The movie spends 15 minutes at the start introducing us to John, who is burying his wife as the film opens after a struggle with some illness. His wife had arranged to buy a puppy for him, so he would have someone to care for after she was gone. Unfortunately, the very next day, his totally sweet Mustang catches the eye of some snotty Russian punk, and when John refuses to sell his car, the punk and his buddies break into John's home, beat him up, steal his car, and kill his puppy.
That's the first 15 minutes of the movie.
As it turns out, the Russian is the son of some big crime boss. Which don't mean shit, because John was an extraordinarily good contract killer who used to work for that boss, until he met a woman and wanted out, and performed remarkable feats of murder to earn that right. And now he wants revenge.
That's basically it for the plot. John wants to kill the kid, Viggo wants his son to live, but knows it's a longshot, because he knows who he's dealing with. He puts a contract on John, but at the end of the day, all he can really hope for is that if he keeps throwing bodies at John, someone will get lucky sooner or later. That is how a lot of the action sequences go. John's doing well, but eventually there are just too many people shooting at him, or trying to hit him with cars. But John's dangerous because there's no other target to strike at, no one Viggo can use as leverage to draw him out. At the same time, John's creating an adversary in the same mold.
If there's nothing particularly new about the story, that's fine, because it makes up for it in style. The fight scenes and gun battles are brutal, and thankfully shot in a way that's makes it easy to see what's going on. The camera mostly maintain a distance where you can get a good view of the immediate action. When I watched Man of Tai Chi, one of the problems I had was that while Keanu isn't a bad martial artist, he didn't compare to all the guys that had been involved in the fights up to then, so he was kind of a lackluster final boss. Here, the fights are considerably messier and less straightforward. Guns, knives, broken champagne bottles, bed sheets, all the stuff gets brought into the fights or discarded throughout. Sometimes one person is just throwing another into a glass case, or over a railing. The fights aren't set up to show what a master of hand-to-hand combat anyone is. More that these people are good at committing violence, but it isn't always going to look pretty.
I especially liked the sequence in the club. The use of the red and blue lighting, the music, how long it all goes as John chases his target from the lowest levels to the highest. It's well executed, and after hearing everyone go on at length about how terrifying John Wick is, it's a pretty decent demonstration of what they're talking about (although the bit where a cop investigates a noise complaint, and he clearly knows John and what he did, and once he sees the bodies, very carefully takes his hand away from his gun, that sent a signal too), but still making it look like there's a chance he could fail.
There is a question people keep bringing up to John throughout the movie, as to whether he is back or not, meaning back to being a hired killer.

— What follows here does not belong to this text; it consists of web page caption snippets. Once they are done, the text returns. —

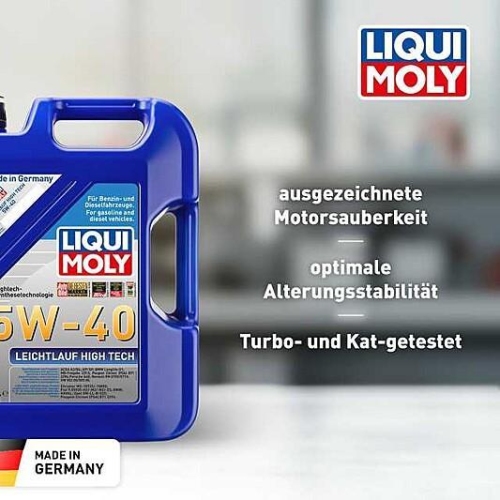 Liqui Moly Motor&ouml;l Leichtlauf High Tech, 5W-40, 5-Liter Kanister 3864+&Ouml;lzettel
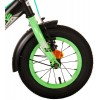 Volare Thombike Kinderfahrrad 12 Zoll Jungen Schwarz Grün | 2 Handbremsen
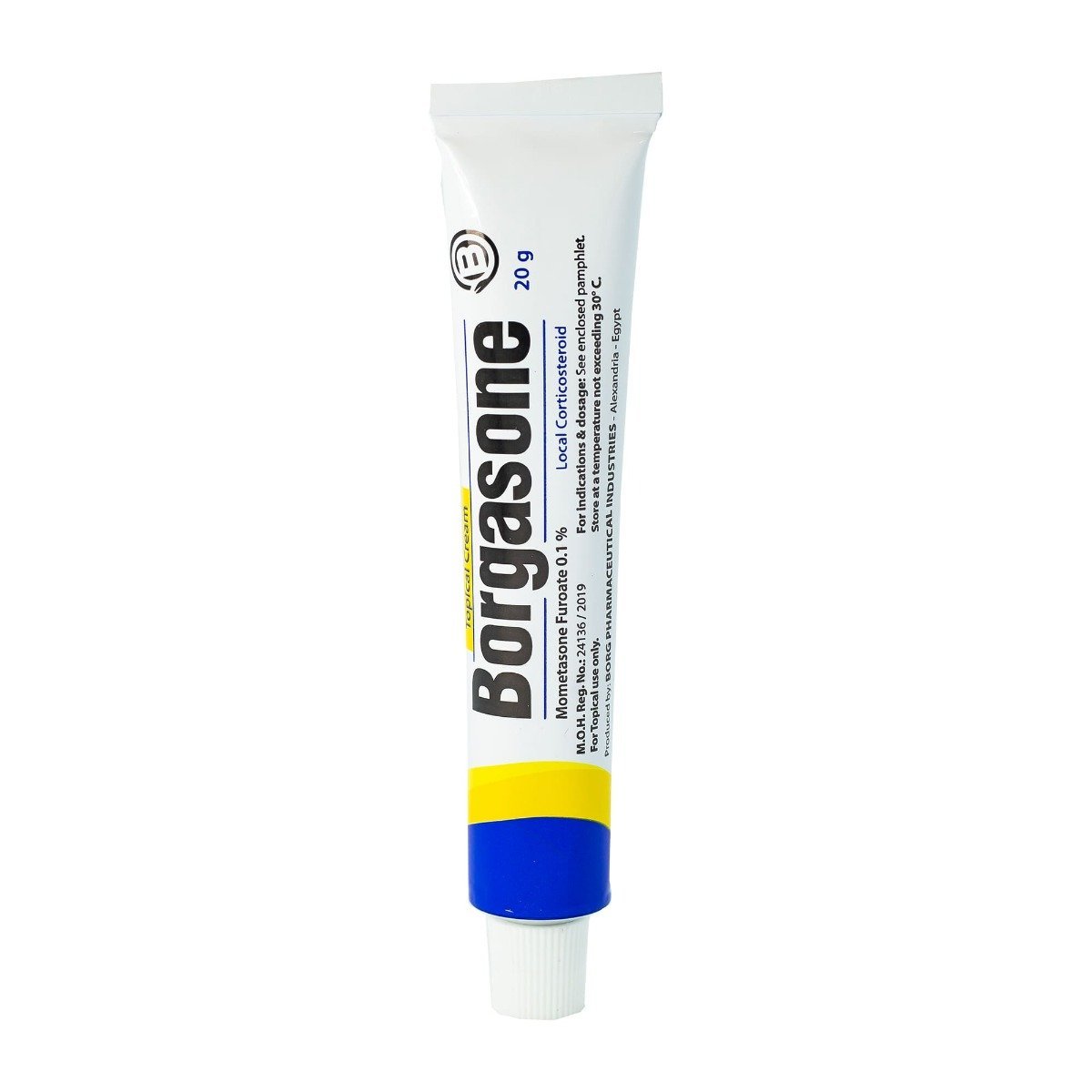 Borgasone 0.1 % Cream - 20 gm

And when John insists this isn't business, they usually ask whether he thinks he can really just dip his toe back in and then walk away. It's presented somewhat as a question of whether his coming back will stir up old enemies that were content to leave him be, but it's mostly about whether he can just bring out the mindset or whatever it is that makes him the guy who can kill three men in a bar with a pencil, and pack it back up whenever he pleases. The film seems to argue yes, yes he can, because he remembers what his wife wanted, but he'd also killed all the people he set out to kill, which probably makes it easier to go back to his life of no one messing with him, since the people who did died.
I loved this movie. It seems like the people involved knew what they wanted to do, populate this city with cool, classy-acting characters and good action set pieces, and they did it, and it was fantastic. So glad I watched this movie.